From the entries below, copy every line holding the word "Photo".

-------- Material provided --------

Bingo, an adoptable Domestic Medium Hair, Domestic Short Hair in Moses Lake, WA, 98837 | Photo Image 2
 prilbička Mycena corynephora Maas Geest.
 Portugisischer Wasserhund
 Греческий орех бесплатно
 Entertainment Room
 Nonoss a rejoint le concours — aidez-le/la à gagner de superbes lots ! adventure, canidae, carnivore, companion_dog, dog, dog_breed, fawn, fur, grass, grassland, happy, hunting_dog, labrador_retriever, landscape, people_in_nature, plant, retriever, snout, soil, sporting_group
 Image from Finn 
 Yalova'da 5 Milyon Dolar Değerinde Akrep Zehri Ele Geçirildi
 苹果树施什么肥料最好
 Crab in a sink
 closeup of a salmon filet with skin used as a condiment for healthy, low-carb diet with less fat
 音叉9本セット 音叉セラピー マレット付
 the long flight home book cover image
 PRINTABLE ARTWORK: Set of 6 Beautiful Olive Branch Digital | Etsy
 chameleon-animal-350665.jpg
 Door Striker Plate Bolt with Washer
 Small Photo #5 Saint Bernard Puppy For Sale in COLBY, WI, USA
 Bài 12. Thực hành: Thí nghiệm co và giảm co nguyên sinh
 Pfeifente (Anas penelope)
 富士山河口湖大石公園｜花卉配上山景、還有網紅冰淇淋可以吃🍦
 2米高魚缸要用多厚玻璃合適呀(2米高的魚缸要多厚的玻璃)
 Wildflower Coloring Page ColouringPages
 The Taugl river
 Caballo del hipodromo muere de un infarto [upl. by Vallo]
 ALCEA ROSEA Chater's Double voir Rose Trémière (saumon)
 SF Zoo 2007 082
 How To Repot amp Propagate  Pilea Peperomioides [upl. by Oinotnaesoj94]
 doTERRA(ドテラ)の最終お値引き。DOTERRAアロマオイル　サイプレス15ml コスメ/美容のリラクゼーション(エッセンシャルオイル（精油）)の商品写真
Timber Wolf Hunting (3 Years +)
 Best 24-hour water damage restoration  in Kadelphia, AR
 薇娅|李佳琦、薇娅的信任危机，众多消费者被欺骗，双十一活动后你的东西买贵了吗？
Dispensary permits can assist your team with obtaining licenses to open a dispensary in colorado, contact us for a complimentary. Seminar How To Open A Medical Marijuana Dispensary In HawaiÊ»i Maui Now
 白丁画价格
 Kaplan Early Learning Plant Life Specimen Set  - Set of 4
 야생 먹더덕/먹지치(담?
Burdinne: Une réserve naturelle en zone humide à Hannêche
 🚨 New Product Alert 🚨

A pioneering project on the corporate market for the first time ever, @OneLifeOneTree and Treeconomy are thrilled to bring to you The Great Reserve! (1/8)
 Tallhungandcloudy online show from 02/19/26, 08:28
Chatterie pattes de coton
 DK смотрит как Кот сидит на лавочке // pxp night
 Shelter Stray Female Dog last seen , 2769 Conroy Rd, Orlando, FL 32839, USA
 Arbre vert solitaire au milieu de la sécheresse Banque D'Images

--------

[Finished exercise]:
Bingo, an adoptable Domestic Medium Hair, Domestic Short Hair in Moses Lake, WA, 98837 | Photo Image 2
 Small Photo #5 Saint Bernard Puppy For Sale in COLBY, WI, USA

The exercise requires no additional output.